In 1992, a shipping container carrying 30,000 toy rubber ducks, turtles, beavers and frogs was lost at sea. These “Friendly Floatees” have been floating around for more than 20 years, teaching us a thing or two about oceanic currents – as well as the risks of shipping your goods internationally.
Known as the “Friendly Floatees”, these familiar plastic toys (which are dominated by the yellow rubber duck) have been tracked by oceanographers and other devotees for more than 20 years. Travelling in various patterns and washing up on the shores of Hawaii, the Gulf of Alaska, Canada, Iceland, Australia and the southwestern coastline of the United Kingdom, the floating ducks have given us a much deeper understanding of ocean currents, as well as the way pollution is wreaking havoc on our seas. Today, it’s not uncommon for these floatees, which have developed a cult following in their own right, to go for hundreds of Pounds on eBay.

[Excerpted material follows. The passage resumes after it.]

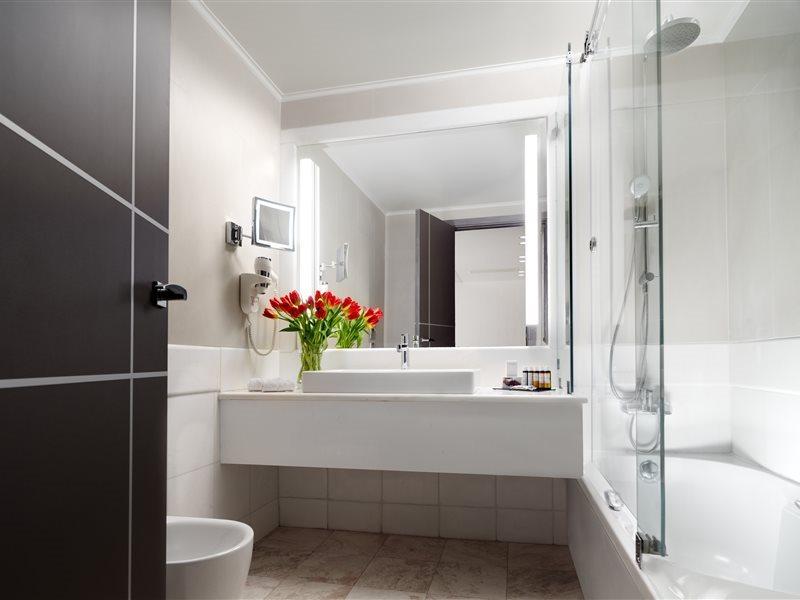Holiday Suites Athens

Curtis Ebbesmeyer, a retired oceanographer and floatee enthusiast, has a website that allows people to send in pictures of the plastic ducks, frogs and other toys that they find on beaches all over the world. Ebbesmeyer started his research shortly after the container was lost, and was able to locate the exact point at which the ship’s journey began. He has since tracked the rate of progress on the constantly circulating current, or “gyre”, which runs between Japan, south-east Alaska, Kodiak and the Aleutian Islands.
“We always knew that this gyre existed. But until the ducks came along, we didn’t know how long it took to complete a circuit,” he says. “It was like knowing that a planet is in the solar system but not being able to say how long it takes to orbit. Well, now we know exactly how long it takes: about three years.”

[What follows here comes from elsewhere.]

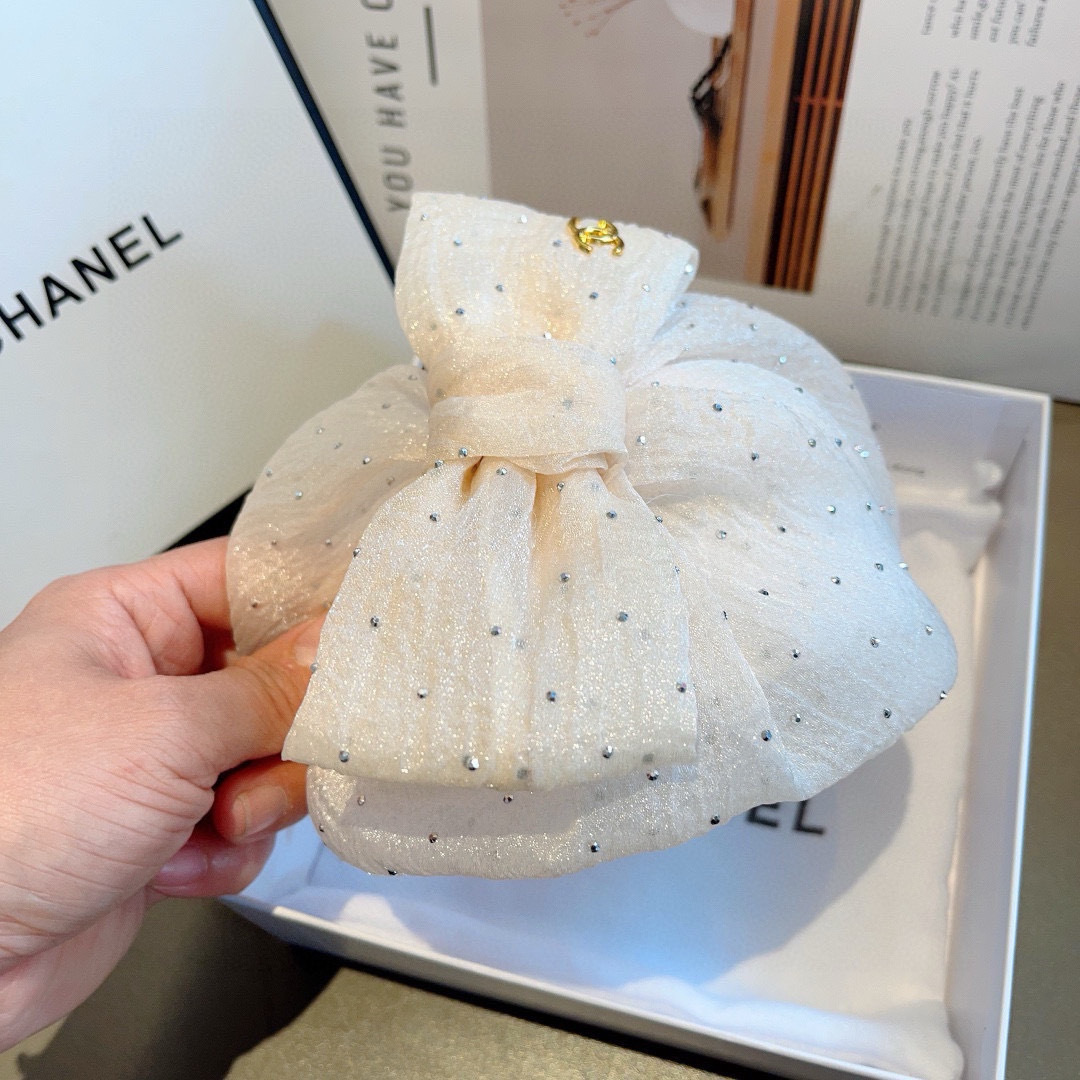 Chanel’s Summer Fragrance: Retro-Cap Design with High-End Materials and Fashion Elements - 图片 8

The toys have also been immortalised by author Donovan Hohn in his book, Moby-Duck. The book chronicles their journey, explains what the ducks have taught us about ocean currents, and lays bare the truth about the vast numbers of containers that fall off cargo ships, never reaching their destination. After all, this was not the first time a container has been lost at sea – in fact, there are estimates that as many as 10,000 containers are lost every year. Most of these incidents will never make the news, even though some of them involve the loss of expensive goods like furniture, tech items and even classic automobiles.
This obviously begs the question: What about household contents being shipped back home after a stint working and living overseas?

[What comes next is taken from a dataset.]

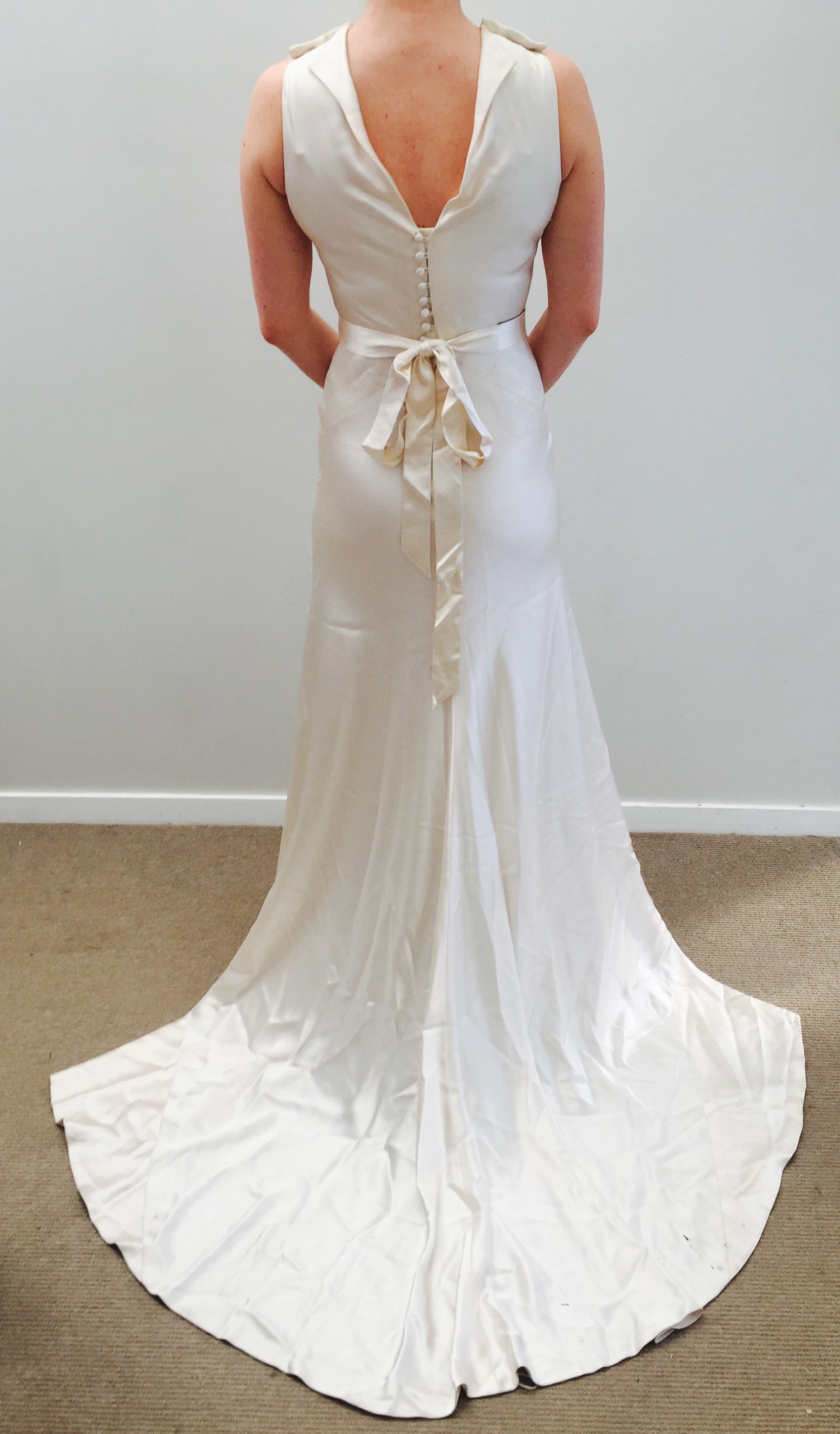 Johanna Johnson Sample Wedding Dress on Sale - Stillwhite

John Dunn from 1st Contact Shipping says the issue with containers falling off ships is more common than we might think, and is one of the reasons why fly-by-night operations should be avoided at all costs.
“If you consider how many containers are being transported across the sea at any given point, there’s always the distant chance that something could fall overboard. Unregulated shipping companies make this worse because they don’t offer you recourse if your belongings are lost at sea. No matter who you choose, make sure the company reimburses you if disaster strikes.”